Records from a collection

....

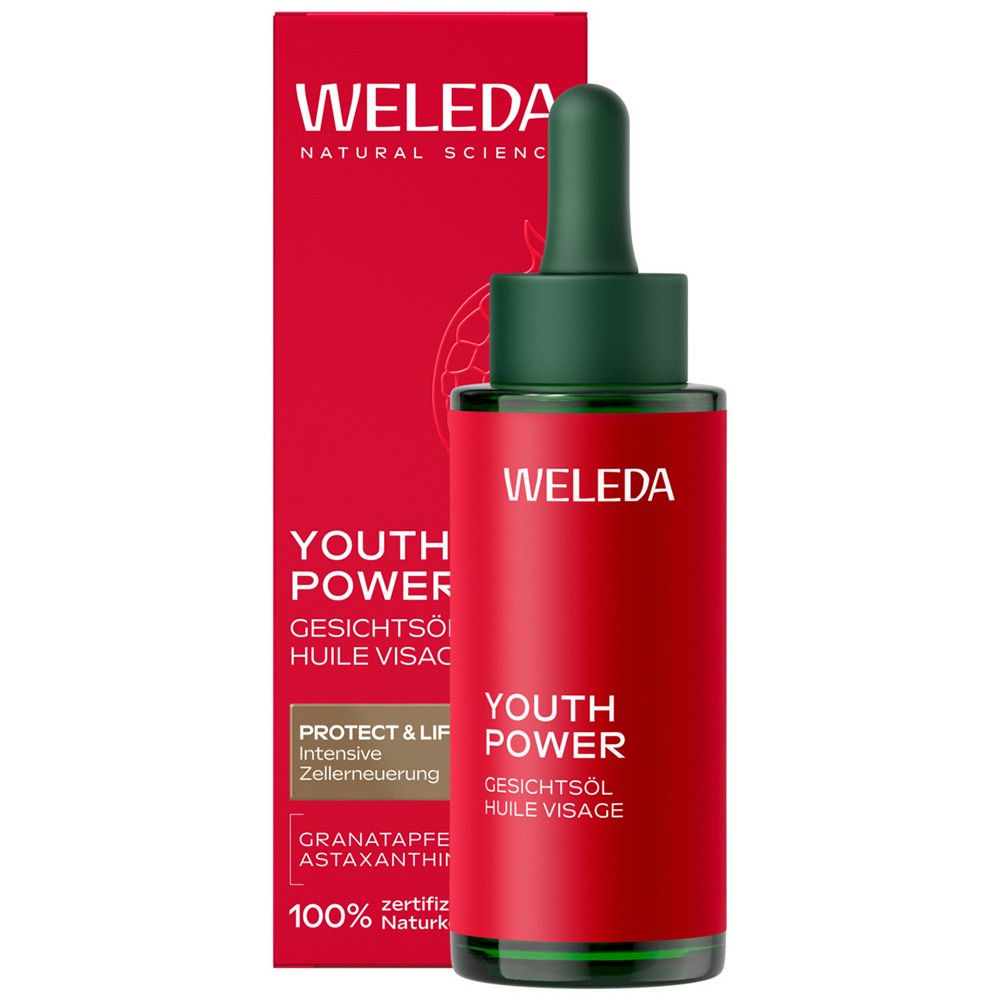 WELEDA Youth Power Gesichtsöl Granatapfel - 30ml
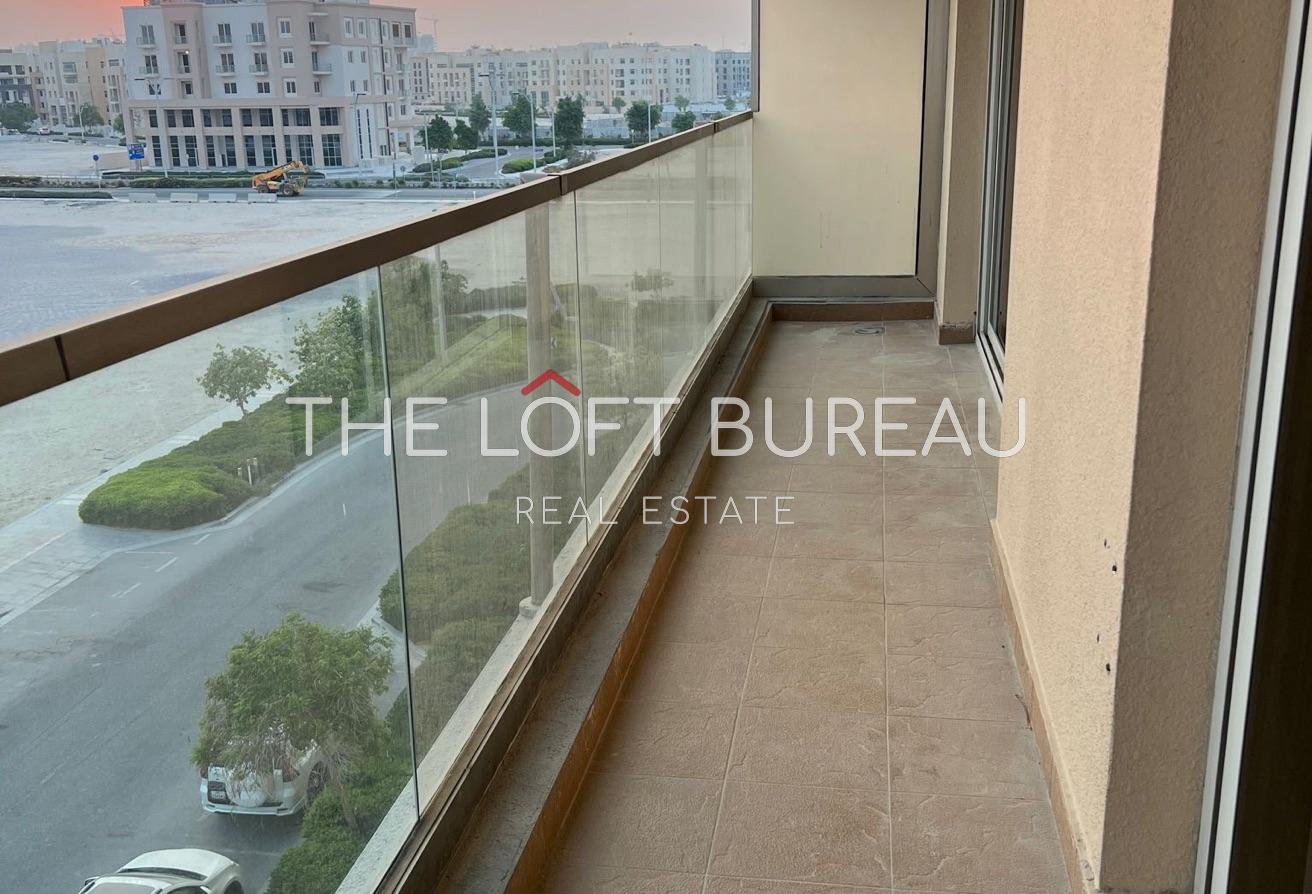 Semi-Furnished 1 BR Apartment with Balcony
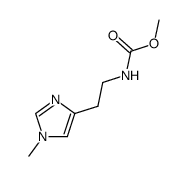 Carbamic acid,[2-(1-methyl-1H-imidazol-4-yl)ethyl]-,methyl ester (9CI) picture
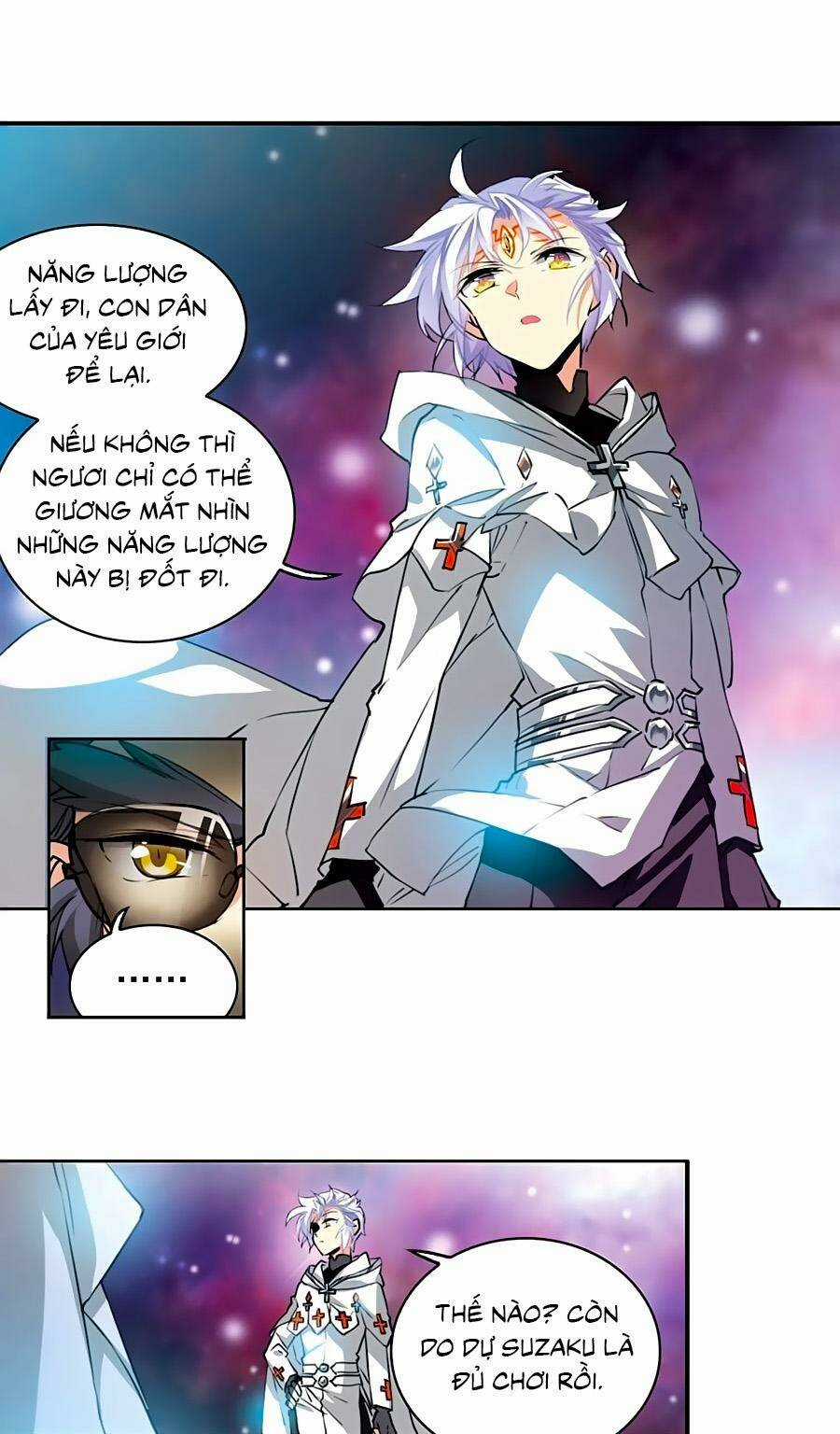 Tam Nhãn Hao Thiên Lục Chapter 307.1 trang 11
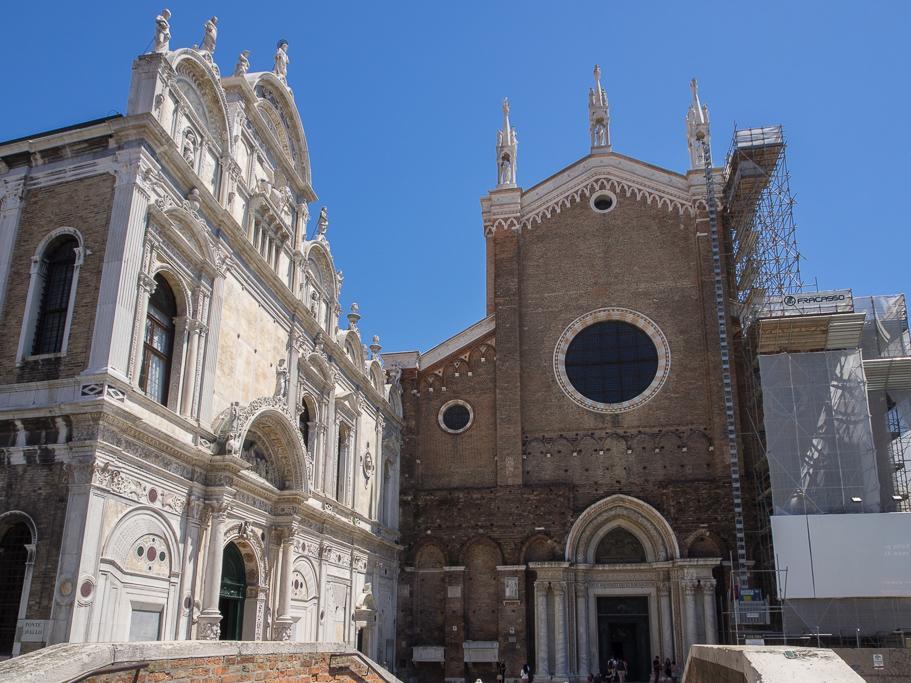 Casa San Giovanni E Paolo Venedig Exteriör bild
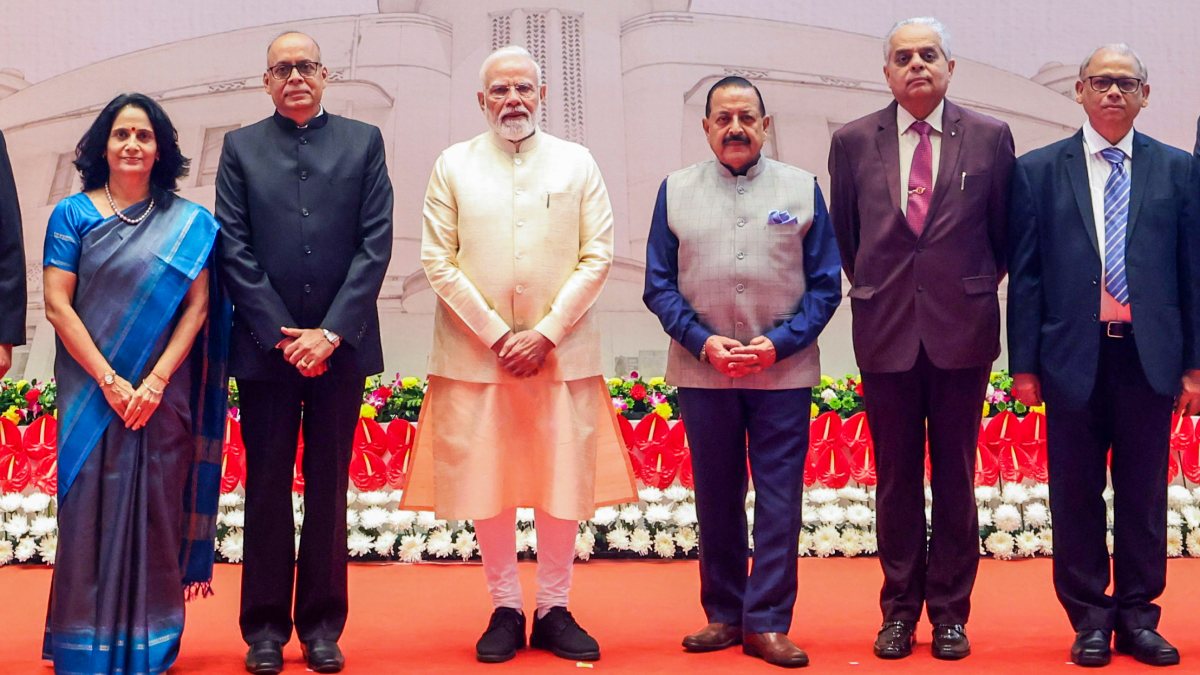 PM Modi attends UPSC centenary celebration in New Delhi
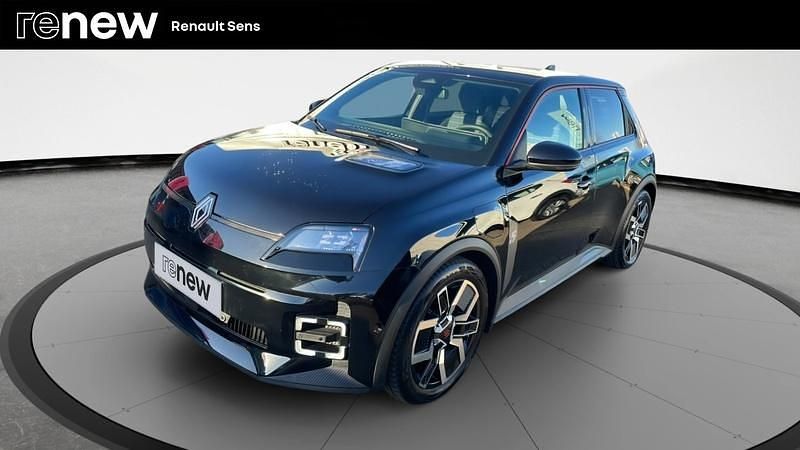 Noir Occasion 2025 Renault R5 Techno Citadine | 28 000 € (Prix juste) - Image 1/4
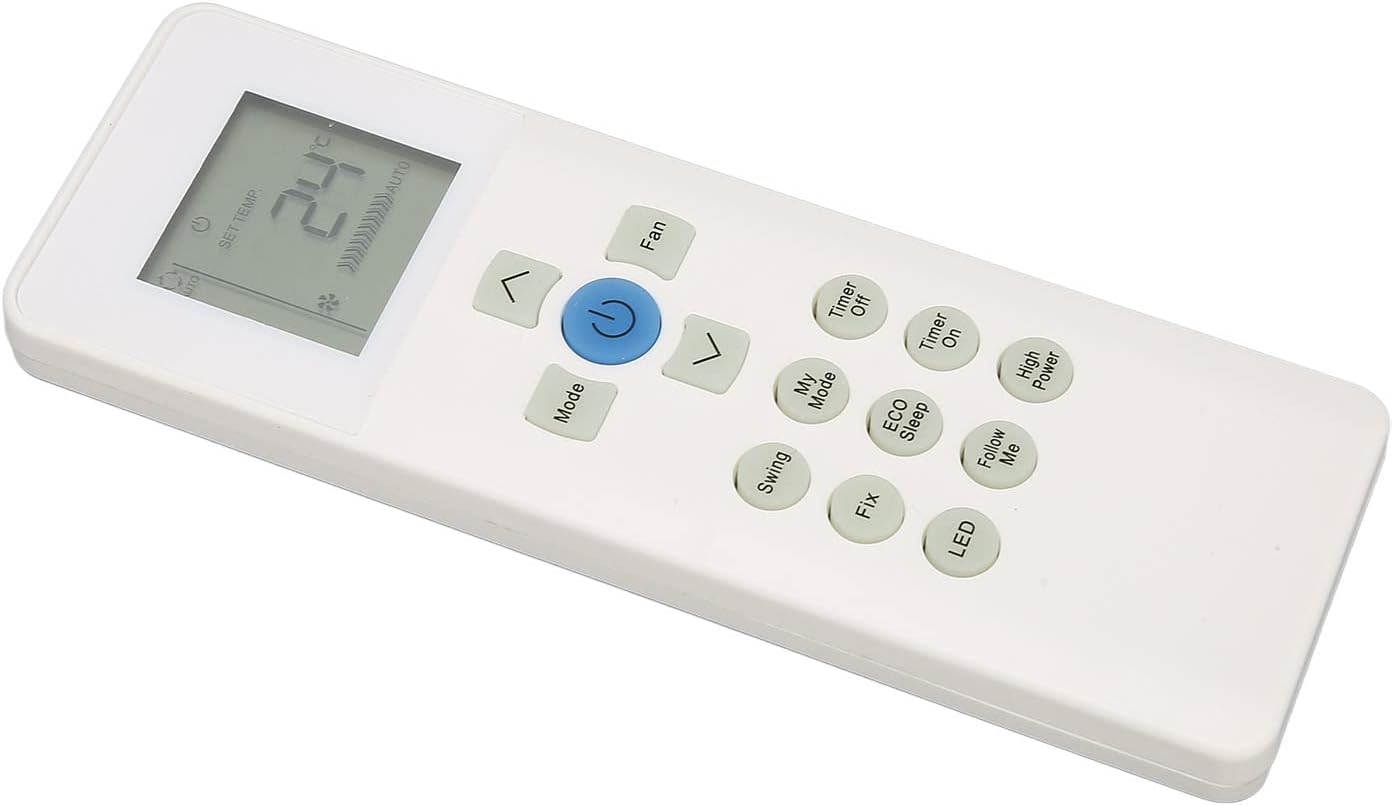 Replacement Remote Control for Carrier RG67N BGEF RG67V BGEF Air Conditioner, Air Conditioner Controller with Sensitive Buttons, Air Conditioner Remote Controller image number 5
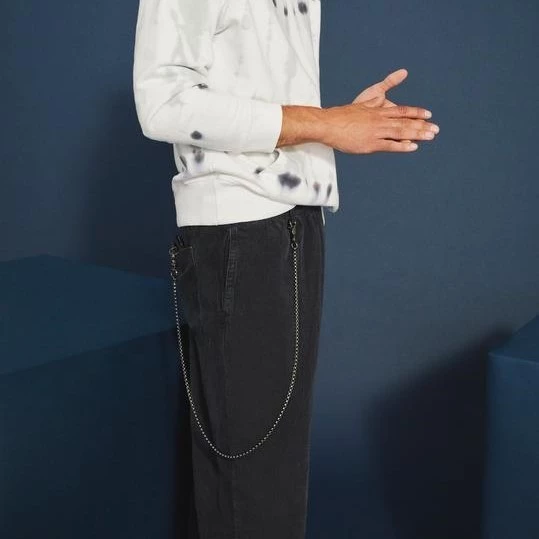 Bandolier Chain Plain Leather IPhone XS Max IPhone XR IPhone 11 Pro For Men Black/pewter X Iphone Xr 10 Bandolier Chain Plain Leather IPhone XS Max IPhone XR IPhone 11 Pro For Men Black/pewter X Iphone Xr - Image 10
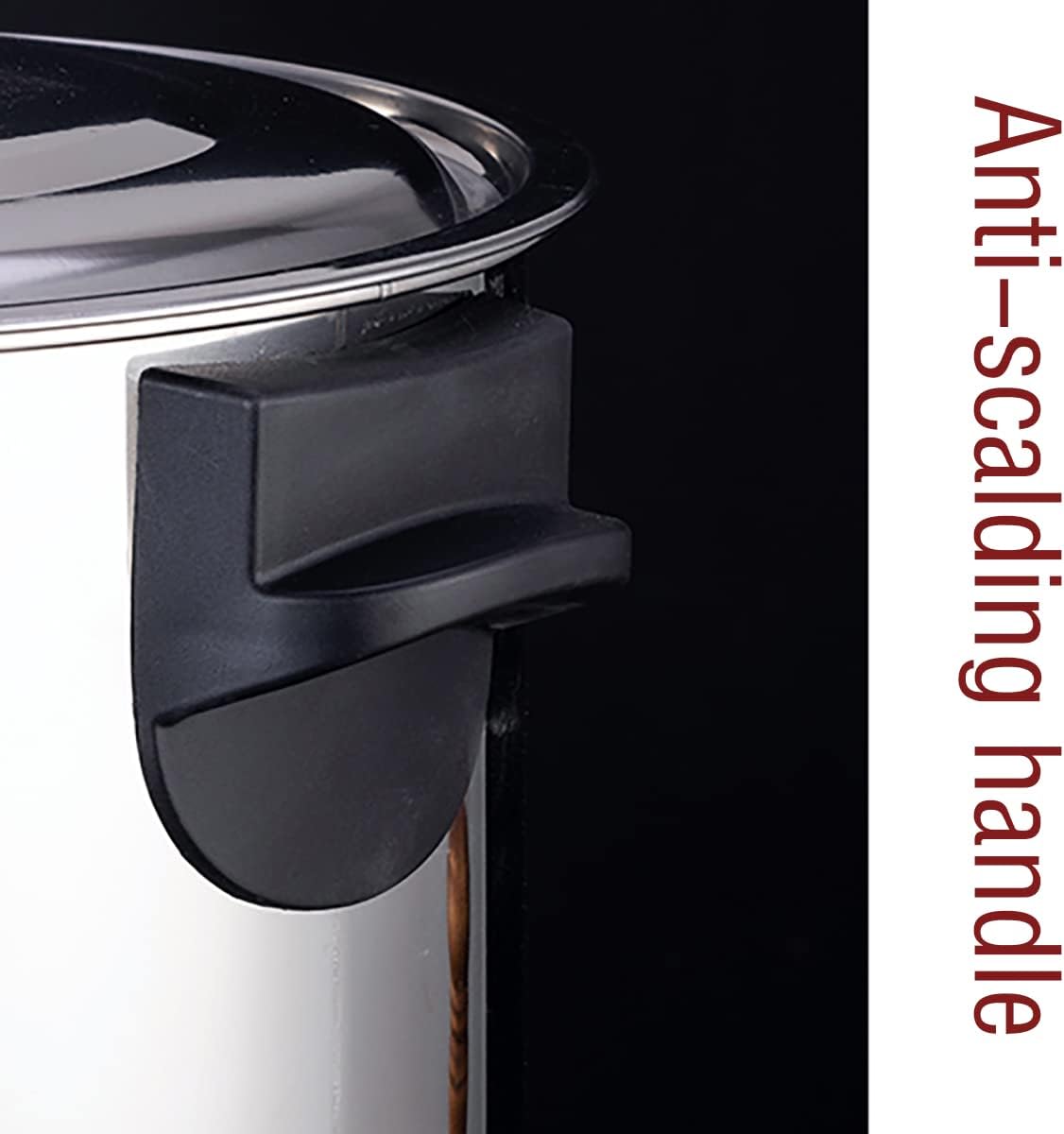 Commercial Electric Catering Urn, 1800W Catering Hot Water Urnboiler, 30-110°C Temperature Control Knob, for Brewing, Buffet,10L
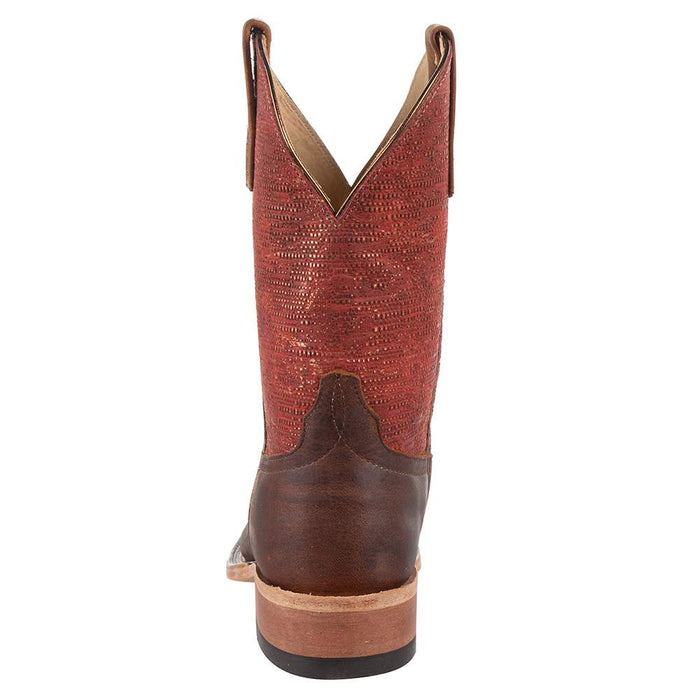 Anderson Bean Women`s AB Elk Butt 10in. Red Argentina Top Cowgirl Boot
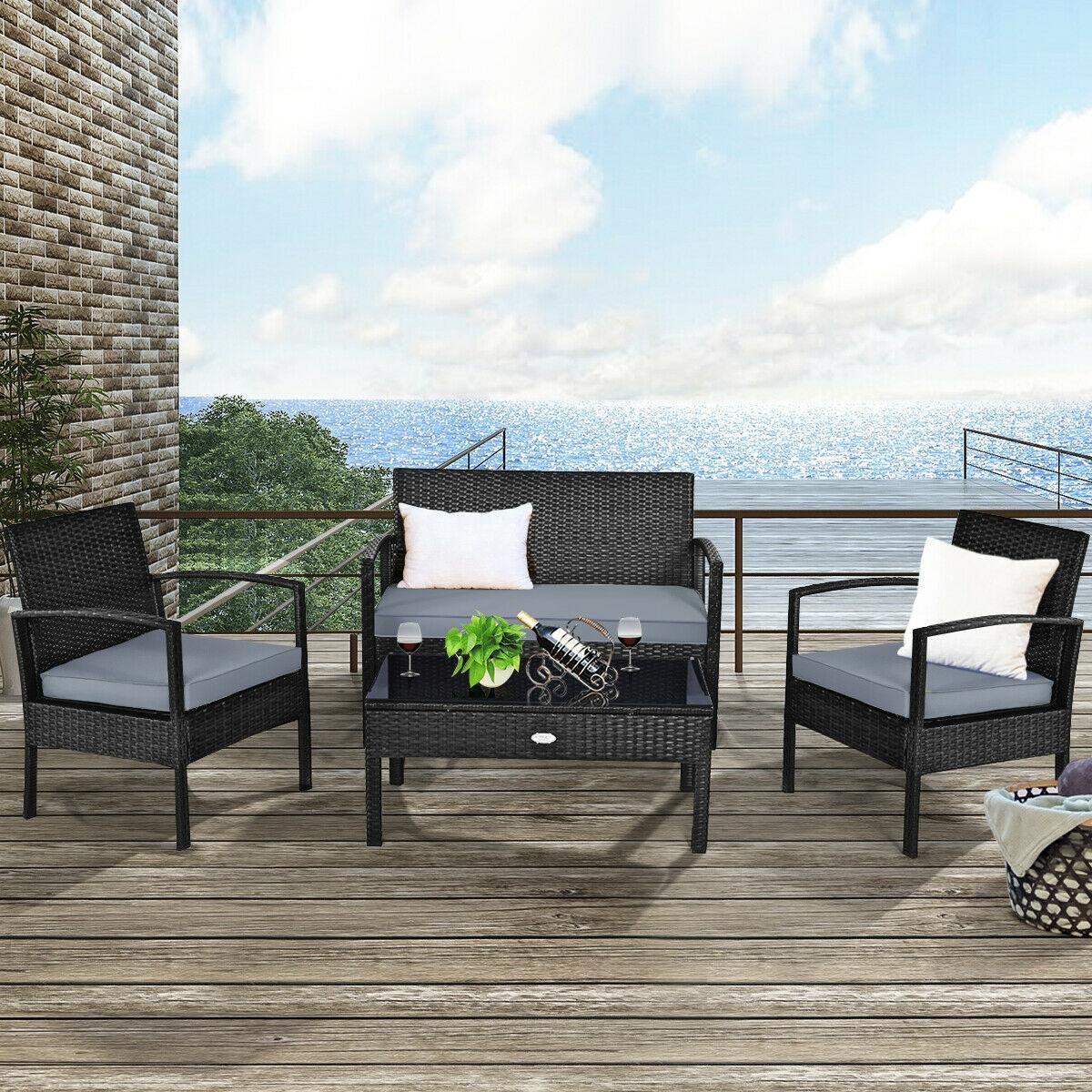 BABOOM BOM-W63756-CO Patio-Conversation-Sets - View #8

....

• WORK TASK
Every line from the top of the records above to the line with "Xr - Image 10", inclusive, should be duplicated exactly, minus the pictures.

• REPLY TO THE TASK
 WELEDA Youth Power Gesichtsöl Granatapfel - 30ml
 Semi-Furnished 1 BR Apartment with Balcony
 Carbamic acid,[2-(1-methyl-1H-imidazol-4-yl)ethyl]-,methyl ester (9CI) picture
 Tam Nhãn Hao Thiên Lục Chapter 307.1 trang 11
 Casa San Giovanni E Paolo Venedig Exteriör bild
 PM Modi attends UPSC centenary celebration in New Delhi
 Noir Occasion 2025 Renault R5 Techno Citadine | 28 000 € (Prix juste) - Image 1/4
 Replacement Remote Control for Carrier RG67N BGEF RG67V BGEF Air Conditioner, Air Conditioner Controller with Sensitive Buttons, Air Conditioner Remote Controller image number 5
 Bandolier Chain Plain Leather IPhone XS Max IPhone XR IPhone 11 Pro For Men Black/pewter X Iphone Xr 10 Bandolier Chain Plain Leather IPhone XS Max IPhone XR IPhone 11 Pro For Men Black/pewter X Iphone Xr - Image 10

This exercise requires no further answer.